Virginia Offshore Drilling Yields Net Job Loss, Risk to Coastal Economy
NEWS RELEASE: [Virginia Beach, VA] – March 31, 2010
In anticipation of today’s announcement by President Obama regarding expansion of offshore drilling into areas that were previously protected, including drilling off Virginia’s coast, the Sierra Club Virginia Chapter offered the following statements:
“We are deeply disappointed that the Obama administration has chosen to open up new areas that have long stood protected from the dirty, risky business of offshore drilling”, said Glen Besa, Virginia Chapter Director with the Sierra Club. “Our beloved clean Virginia beaches are the backbone of our coastal economy, generating billions of dollars in revenues from tourism, recreation and commercial fishing.”
“Offering Virginia’s Lease Sale 220 as soon as 2011 represents a horrible rush to judgment that trumps thorough environmental study with politics as usual”, said Eileen Levandoski, Hampton Roads Coordinator with the Sierra Club. “Despite the fact that information on the possible effects of Atlantic drilling is ‘30 years out of date’ as Interior Secretary Salazar points out, Virginia’s offshore areas will be leased to Big Oil in little over one year and the bull allowed into the China shop.”
As revealed at a Mineral Management Services workshop in Williamsburg in late 2008, large data gaps exist when it comes to the endangered and protected species and the diverse ecosystems found in Virginia’s offshore ocean canyons and coral reefs.
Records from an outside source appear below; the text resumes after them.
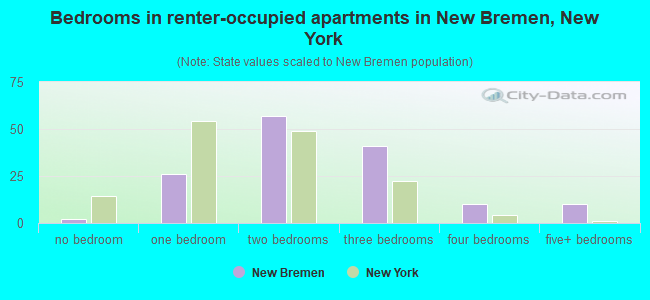 Bedrooms in renter-occupied apartments in New Bremen, New York
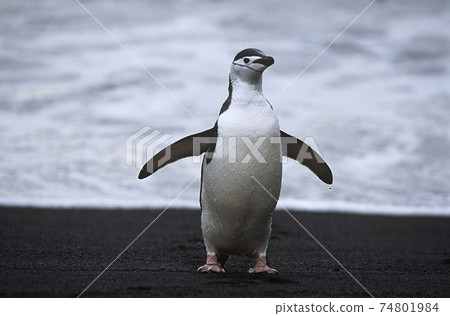 Chinstrap Penguin (Pygoscelis antarcticus) at seashore 74801984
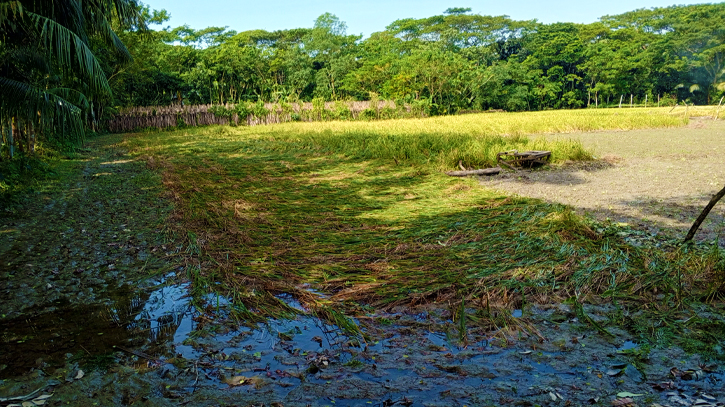 Cyclone Midhili damaged crops worth taka 80 crore in Bhola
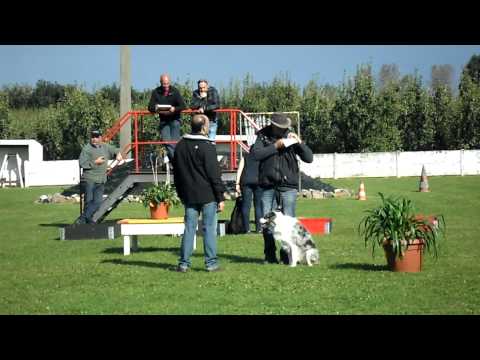 Limburgs kampioenschap 2012 (DTC Tongeren) plaatske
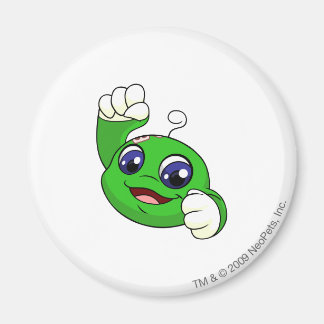 Kiko Green Magnet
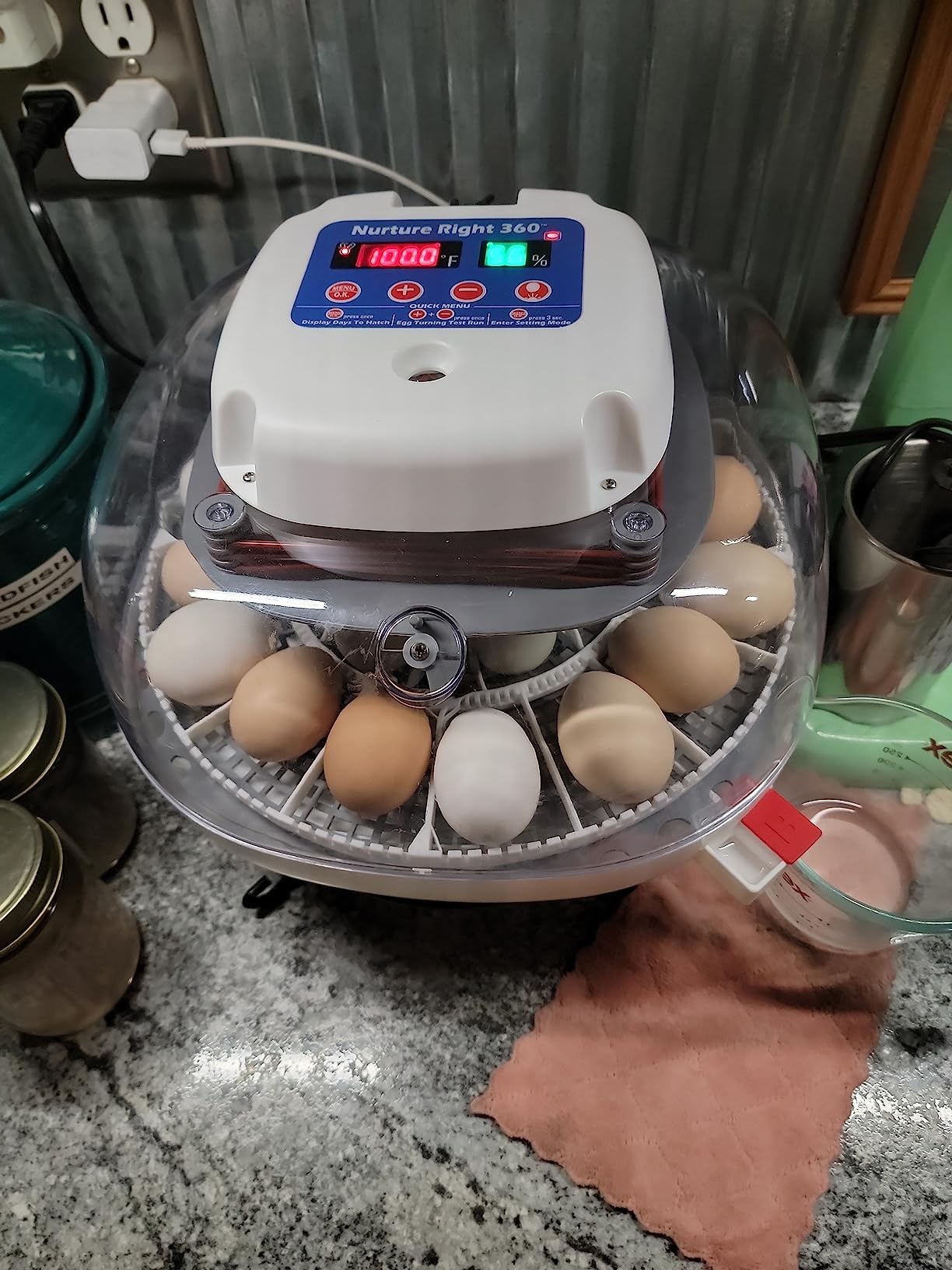 Harris Farms Nurture Right Egg Incubator for Hatching Chicks, Holds 12-22 Eggs, Automatic Turner with Temperature and Humidity Control, 360 Degree View with Clear Window, Incubator for Chickens customer photo 2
Especially for oil spill risk analysis, current and wind information has been deemed a high priority data gap.
“Not only are there huge gaps in the scientific information needed to evaluate the impact of drilling off Virginia’s coast, but its offshore zone is a vital piece of a much larger and interconnected coastal and oceanic ecosystem”, added Levandoski. “Rather than singling out a small area off a single state for environmental study – as Virginia is right now – the Atlantic coast as a whole needs to be thoroughly studied. That study is painfully absent from the drilling plan currently being proposed.”
“Numerous questions also arise as a result of a District of Columbia Court of Appeals’ opinion tossing out the 2007-2012 drilling program for its deficiencies in the scientific and environmental analysis”, said Besa. “The legal ramifications of proceeding with drilling Virginia’s offshore zone, which was proposed in this flawed program, should instead be giving our policymakers great pause.”
“Also, mixing rockets, missiles and live munitions with offshore drilling rigs and pipelines is an environmental nightmare waiting to happen”, said Levandoski. “Thus the Navy and NASA have maintained their constant opposition to Virginia offshore drilling.”
“Encroachment in the Virginia CAPES operating area, where the Navy has maintained its opposition to Virginia drilling, would provide compelling reason for Navy to move its forces to states like Florida that protect offshore training ranges from drilling”, said Levandoski. “The loss of Oceana jets means a net loss of 11,000 jobs, $773 million in annual payroll, and $452 million in annual local contracting. This loss of jobs dwarfs even the most speculative of job creation estimates from Virginia drilling.”
“There are not only the risks of spills both chronic and catastrophic but also the industrialization of our coastal communities that would either debilitate or destroy Virginia’s coastal economy,” said Besa. “For just the Mid-Atlantic area alone, the annual value of these sustainable activities is almost 4 times that of oil and gas extraction. That’s $13.55 billion from industries completely dependent on clean beaches and healthy ocean waters compared to $3.7 billion from dwindling nonrenewable risky source that in Virginia’s case represents a mere 6.5 days of supply before it’s exhausted.”